* [Activity]: Wherever "span" occurs in the entries, copy the line that holds it.

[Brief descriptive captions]
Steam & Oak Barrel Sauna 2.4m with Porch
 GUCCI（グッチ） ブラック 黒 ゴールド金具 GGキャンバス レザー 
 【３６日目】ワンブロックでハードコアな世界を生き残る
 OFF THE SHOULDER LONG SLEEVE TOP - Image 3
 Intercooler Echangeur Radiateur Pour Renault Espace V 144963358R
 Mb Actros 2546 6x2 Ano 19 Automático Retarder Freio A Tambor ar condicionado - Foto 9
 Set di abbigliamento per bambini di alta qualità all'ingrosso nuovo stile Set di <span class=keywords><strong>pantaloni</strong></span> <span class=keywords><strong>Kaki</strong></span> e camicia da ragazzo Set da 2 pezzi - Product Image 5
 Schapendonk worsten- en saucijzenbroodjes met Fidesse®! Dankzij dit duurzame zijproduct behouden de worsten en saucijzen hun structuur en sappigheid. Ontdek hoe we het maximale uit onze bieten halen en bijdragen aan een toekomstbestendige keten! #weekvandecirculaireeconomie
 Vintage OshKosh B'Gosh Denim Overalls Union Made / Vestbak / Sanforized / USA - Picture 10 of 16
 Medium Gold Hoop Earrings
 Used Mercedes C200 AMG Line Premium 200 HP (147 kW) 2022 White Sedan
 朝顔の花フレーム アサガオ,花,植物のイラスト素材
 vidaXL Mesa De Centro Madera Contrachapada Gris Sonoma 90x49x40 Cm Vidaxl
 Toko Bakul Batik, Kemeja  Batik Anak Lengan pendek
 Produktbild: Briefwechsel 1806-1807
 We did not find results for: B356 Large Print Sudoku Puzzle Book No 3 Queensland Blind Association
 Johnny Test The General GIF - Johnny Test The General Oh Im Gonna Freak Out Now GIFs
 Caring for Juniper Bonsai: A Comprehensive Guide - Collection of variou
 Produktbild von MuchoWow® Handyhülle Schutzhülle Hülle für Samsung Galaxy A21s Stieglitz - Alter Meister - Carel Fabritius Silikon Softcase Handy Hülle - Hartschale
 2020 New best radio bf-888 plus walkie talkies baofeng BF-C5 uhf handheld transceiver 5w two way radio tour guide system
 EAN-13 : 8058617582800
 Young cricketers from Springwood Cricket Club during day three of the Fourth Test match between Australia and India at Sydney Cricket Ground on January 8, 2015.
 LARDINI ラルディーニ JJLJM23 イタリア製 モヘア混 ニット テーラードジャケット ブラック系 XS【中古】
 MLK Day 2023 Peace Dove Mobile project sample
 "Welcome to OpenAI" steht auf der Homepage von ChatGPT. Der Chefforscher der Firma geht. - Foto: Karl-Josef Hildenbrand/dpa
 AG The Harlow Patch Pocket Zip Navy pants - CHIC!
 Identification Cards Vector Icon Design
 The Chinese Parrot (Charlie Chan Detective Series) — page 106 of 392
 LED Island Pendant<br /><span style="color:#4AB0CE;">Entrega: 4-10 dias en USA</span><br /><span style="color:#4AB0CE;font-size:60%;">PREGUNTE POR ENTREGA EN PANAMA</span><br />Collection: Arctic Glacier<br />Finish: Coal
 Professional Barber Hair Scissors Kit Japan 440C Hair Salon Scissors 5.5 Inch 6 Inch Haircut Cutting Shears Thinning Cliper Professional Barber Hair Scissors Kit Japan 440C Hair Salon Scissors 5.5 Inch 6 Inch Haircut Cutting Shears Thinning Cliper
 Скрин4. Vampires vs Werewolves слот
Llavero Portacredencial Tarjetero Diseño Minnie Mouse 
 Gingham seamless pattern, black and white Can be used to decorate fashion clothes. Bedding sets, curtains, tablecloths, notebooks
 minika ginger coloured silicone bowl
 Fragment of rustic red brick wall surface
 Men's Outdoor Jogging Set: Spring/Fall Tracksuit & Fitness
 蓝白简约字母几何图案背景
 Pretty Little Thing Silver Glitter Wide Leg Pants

* [Exercise response]:
 Set di abbigliamento per bambini di alta qualità all'ingrosso nuovo stile Set di <span class=keywords><strong>pantaloni</strong></span> <span class=keywords><strong>Kaki</strong></span> e camicia da ragazzo Set da 2 pezzi - Product Image 5
 LED Island Pendant<br /><span style="color:#4AB0CE;">Entrega: 4-10 dias en USA</span><br /><span style="color:#4AB0CE;font-size:60%;">PREGUNTE POR ENTREGA EN PANAMA</span><br />Collection: Arctic Glacier<br />Finish: Coal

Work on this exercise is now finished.